- _What is needed_
Return exactly the lines from the one containing "Captain Marvel Long" through the end of the material below, and leave the images out.

- _Data section_
=-=-=-=-=

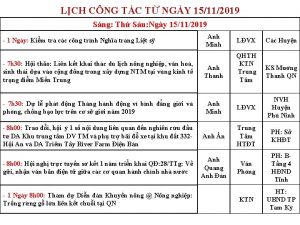 LCH CNG TC T NGY 15112019 Sng Th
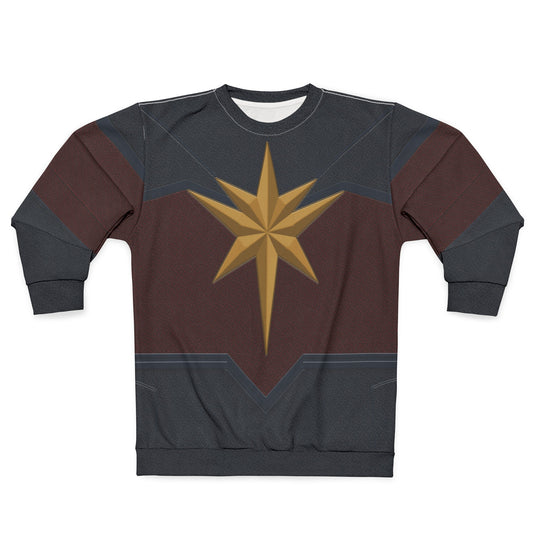 Captain Marvel Long Sleeve Shirt,The Marvels 2023 Costume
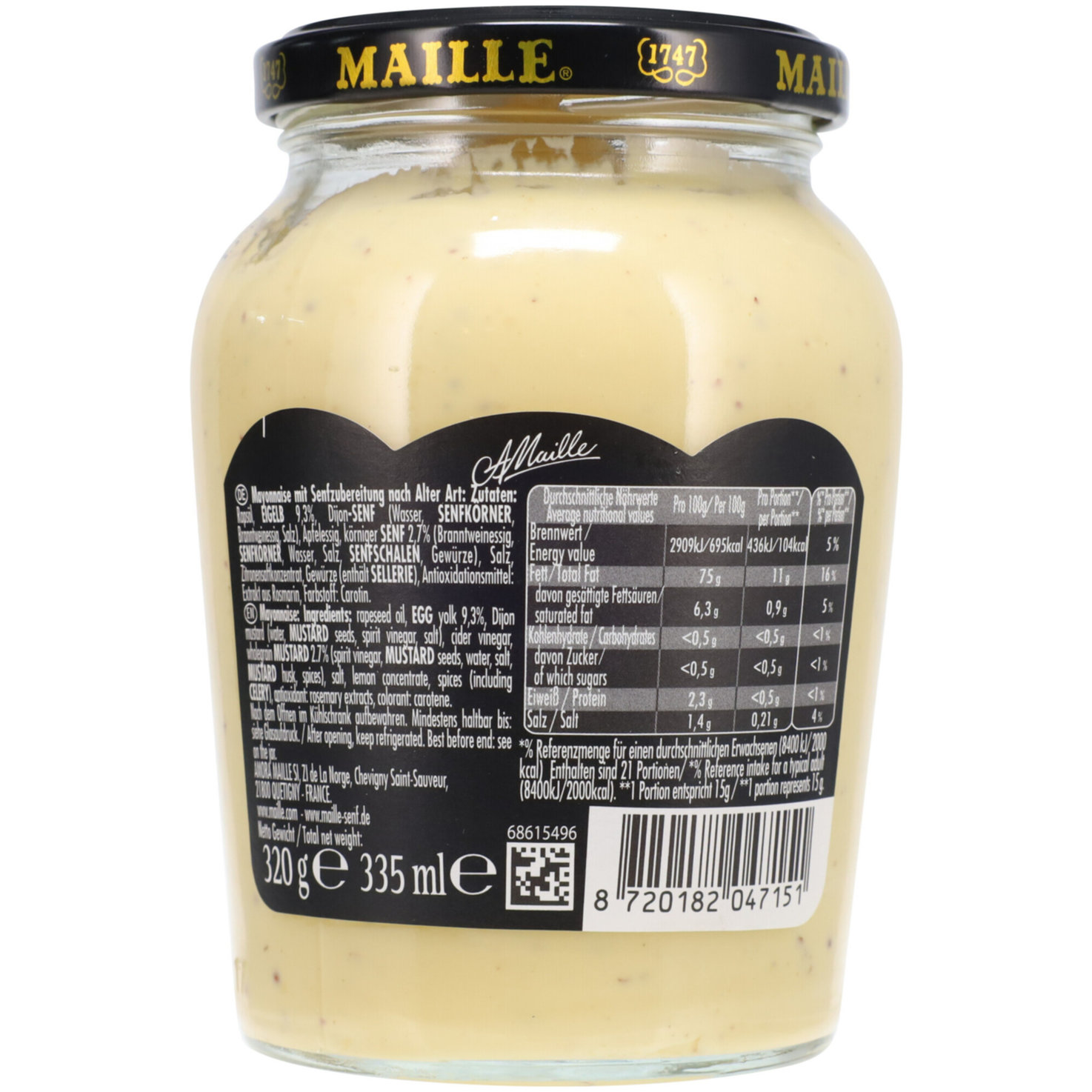 Maille Mayo mit Senf nach alter Art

=-=-=-=-=

- _Answer section_
 Captain Marvel Long Sleeve Shirt,The Marvels 2023 Costume
 Maille Mayo mit Senf nach alter Art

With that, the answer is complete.